The Amharic Corpus Analysis project is designed to create a comprehensive Amharic language dataset by scraping and aggregating text data from various online sources, filtering out non-Amharic content, and analyzing the word frequency distribution to gain insights into the Amharic language.
Table of Contents
This project is all about understanding and working with the Amharic language, which is spoken widely in Ethiopia and is one of Africa's most commonly used languages. We're collecting a lot of written Amharic text from different places on the internet, like news articles and websites, to create a valuable resource.
-
Collecting Amharic Text: We're developing a tool that automatically finds and gathers Amharic text from the internet. This way, we'll have a diverse and up-to-date collection of Amharic language examples.
-
Separating Amharic Text: Not all the text we find will be in Amharic. We're building a system that can figure out which parts are in Amharic and remove any text in other languages.
-
Analyzing Word Frequency: Once we have our collection of Amharic text, we'll study how often different words are used. This will help us understand which words are most common in the Amharic language.
-
Checking Zipf's Law: Many languages, including Amharic, follow a pattern called Zipf's law, where the frequency of words often follows a specific pattern. We'll investigate if Amharic follows this pattern too.
-
Sharing the Dataset: Finally, we'll make the curated Amharic collection and our analysis available to the public. This will allow researchers, linguists, and developers to use this valuable dataset for their own work.
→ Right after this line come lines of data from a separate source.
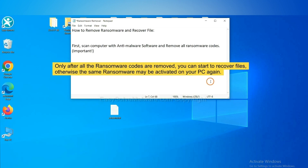To remove digital ransomware, first we need to use professional anti-malware to scan your computer and then remove all the ransomware cores. This is important because the cores might activate the ransomware sooner or later if you do not remove all of them.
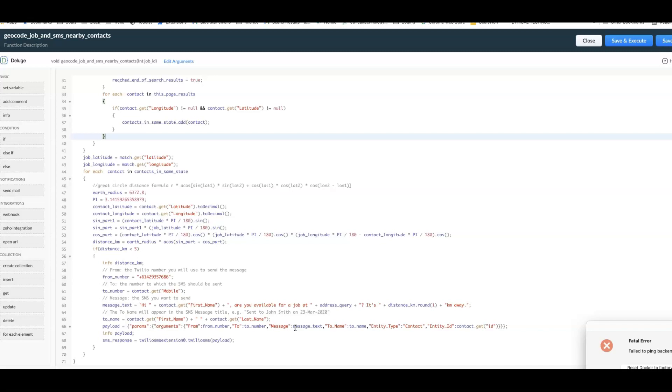You can be quite targeted and that means you're going to save money on your SMS and you're also going to save a lot of time. I'll share the code for this example in the link in the description of this video. I hope it helps.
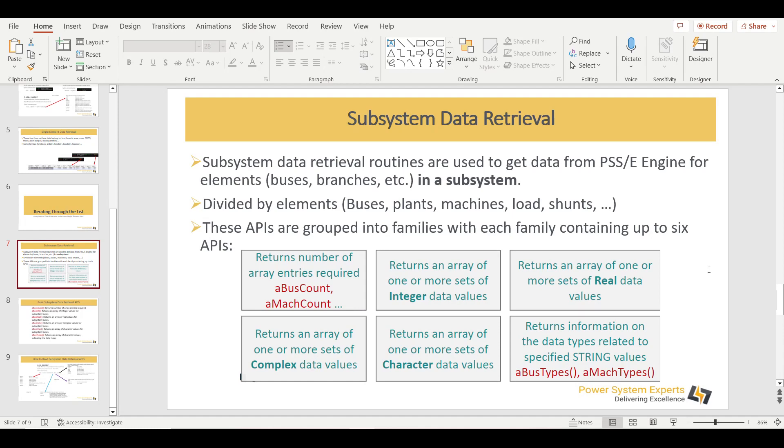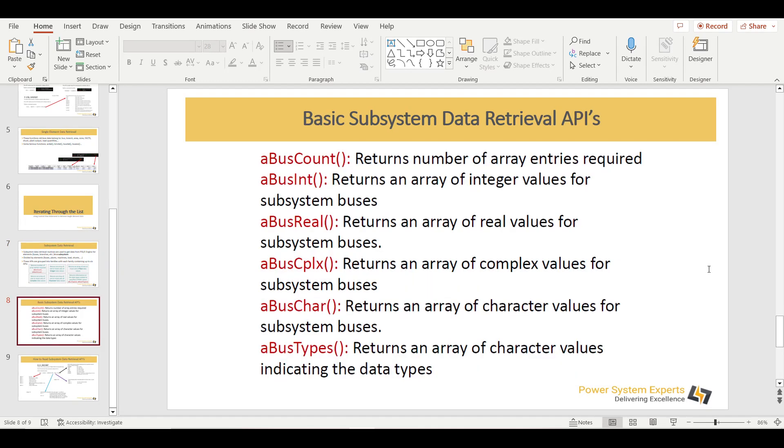A real value is something like kV or per unit. A complex value would be machine megawatt expressed as a complex number. Character data includes things like generator ID, branch ID, or branch name. These different data types are organized as a set of routines for each element.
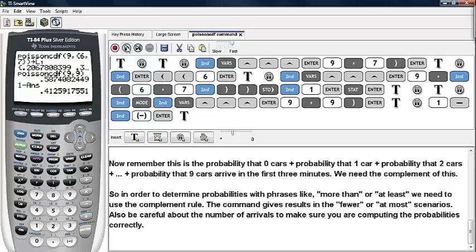In order to determine probabilities with phrases like 'more than' or 'at least,' we need to use the complement rule on the calculator. The Poisson CDF command itself gives results in the 'fewer than' or 'at most' scenarios. Also, be careful about the number of arrivals to make sure you are computing the probabilities correctly. And this is how you can use the Poisson CDF command on the calculator.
Why is this project important?
-
Understanding Amharic: By studying and analyzing the Amharic language, we can learn more about how it works and how people use it.
-
Creating Useful Tools: The information we gather can be used to develop helpful language tools, like translation services or AI assistants.
-
Preserving Culture: Having a collection of Amharic text helps preserve the language and supports educational initiatives to keep Amharic alive and thriving.
-
Empowering the Community: By sharing the Amharic dataset with everyone, we want to help researchers, developers, and Amharic speakers make the most of this valuable language resource.
If you're interested in learning more about this project or want to contribute, please visit our GitHub repository. We welcome collaborators from different backgrounds, including linguists, developers, and anyone interested in Amharic.
Let's explore and celebrate the richness of the Amharic language together through data-driven analysis and shared resources!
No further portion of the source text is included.